» **DATA FOR THE TASK**:
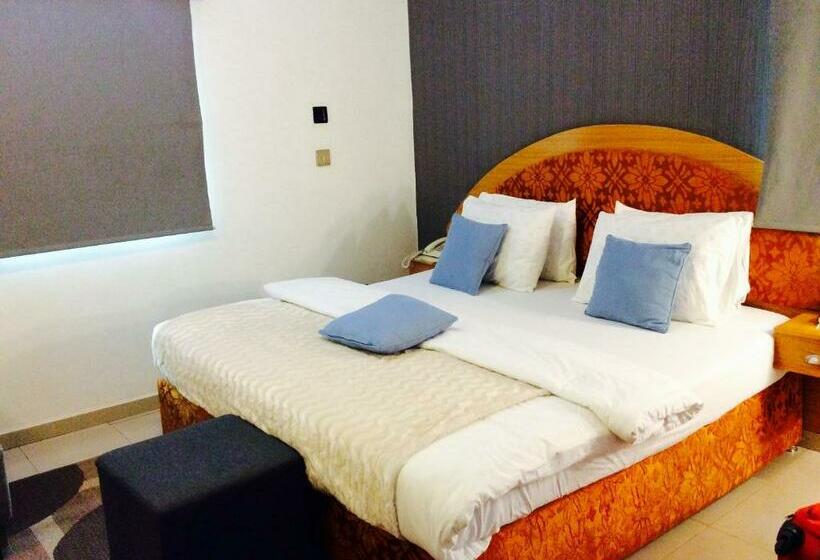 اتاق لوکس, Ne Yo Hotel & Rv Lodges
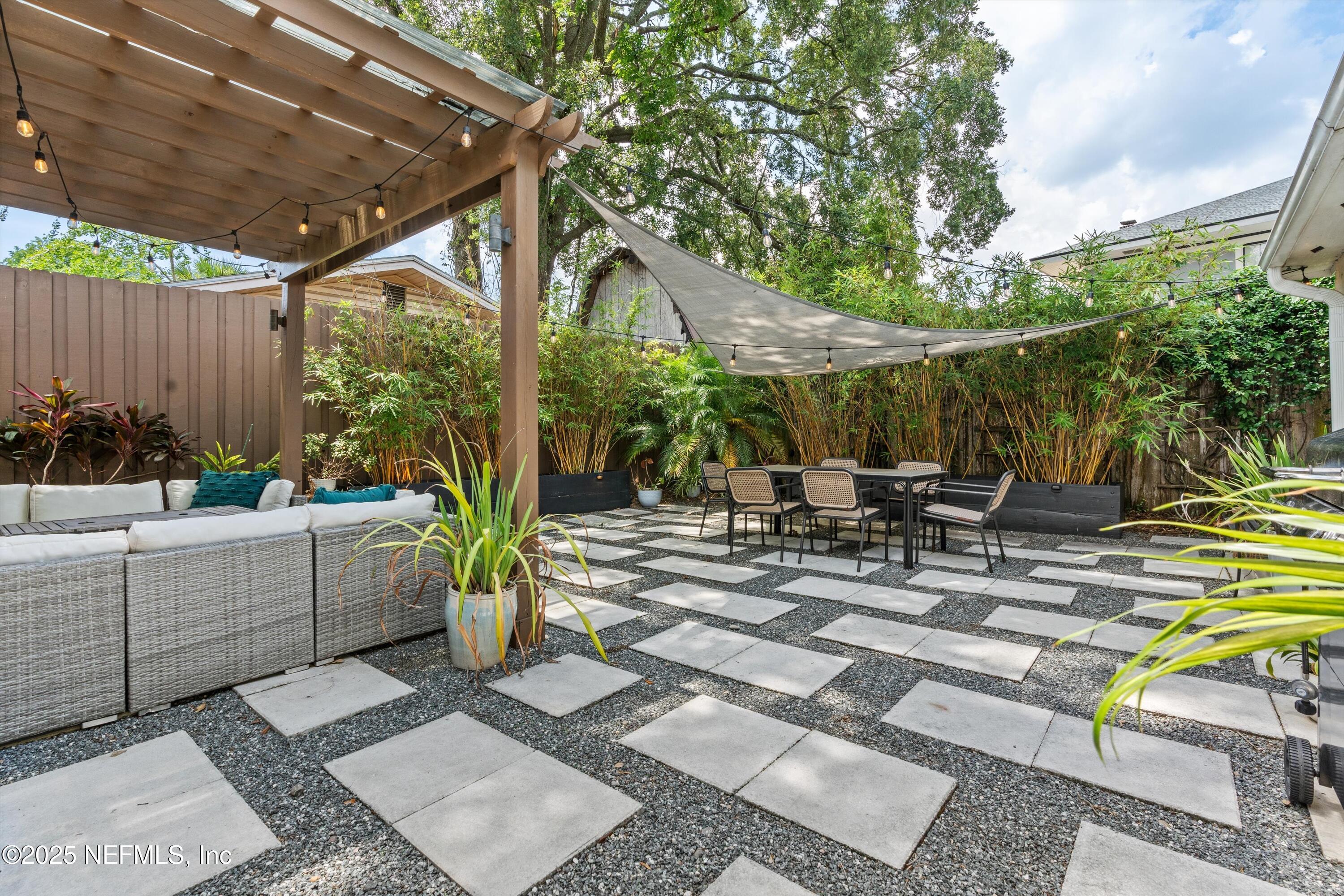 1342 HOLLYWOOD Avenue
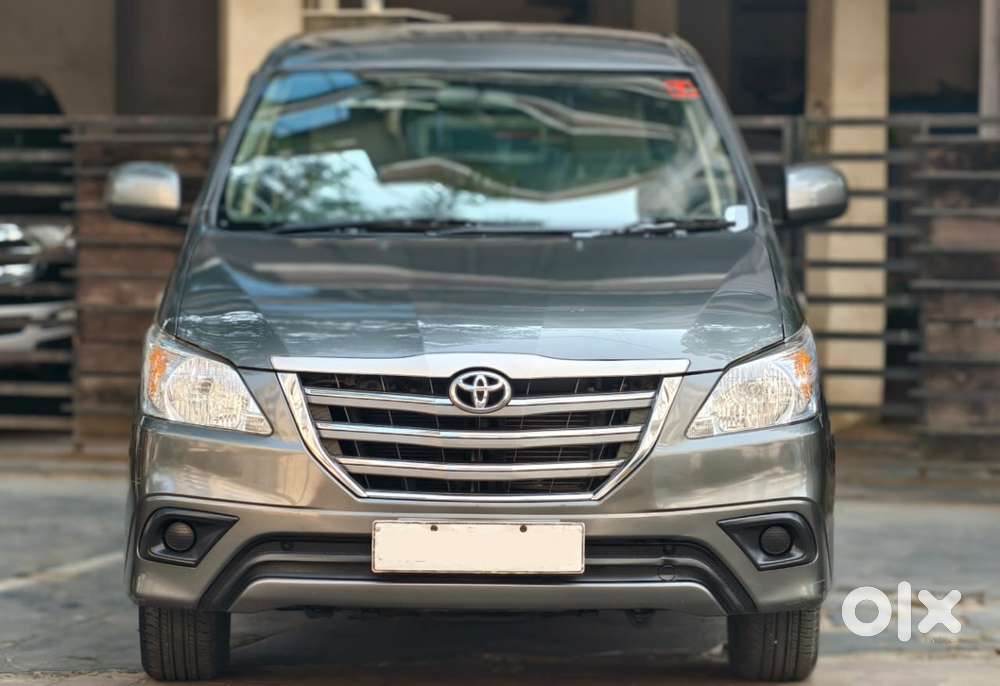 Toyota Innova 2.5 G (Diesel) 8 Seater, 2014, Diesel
...
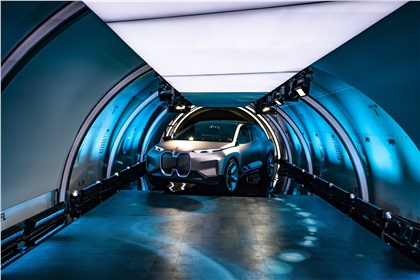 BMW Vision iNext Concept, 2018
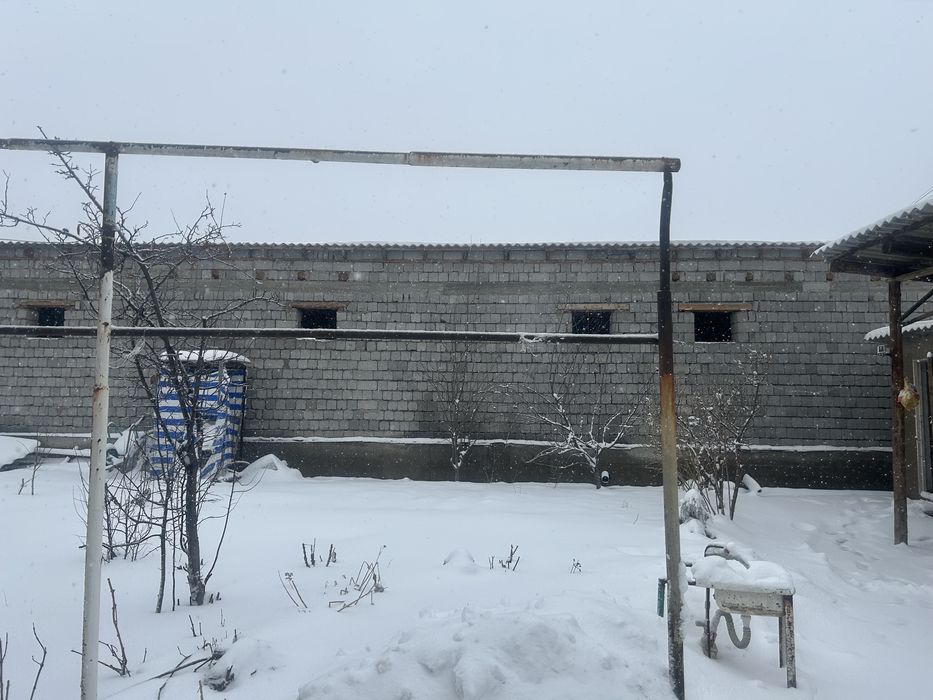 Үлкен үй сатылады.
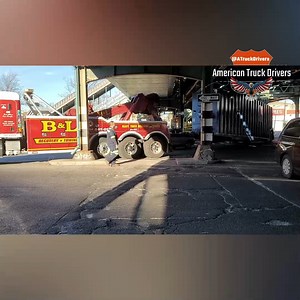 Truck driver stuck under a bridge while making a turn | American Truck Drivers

» **WHAT THE EXERCISE ASKS**:
"1342 HOLLYWOOD Avenue" marks the first line to copy, and "Toyota Innova 2.5" marks the last. Repeat that stretch above exactly, with no pictures.

» **SOLUTION TO THIS EXERCISE**:
 1342 HOLLYWOOD Avenue
 Toyota Innova 2.5 G (Diesel) 8 Seater, 2014, Diesel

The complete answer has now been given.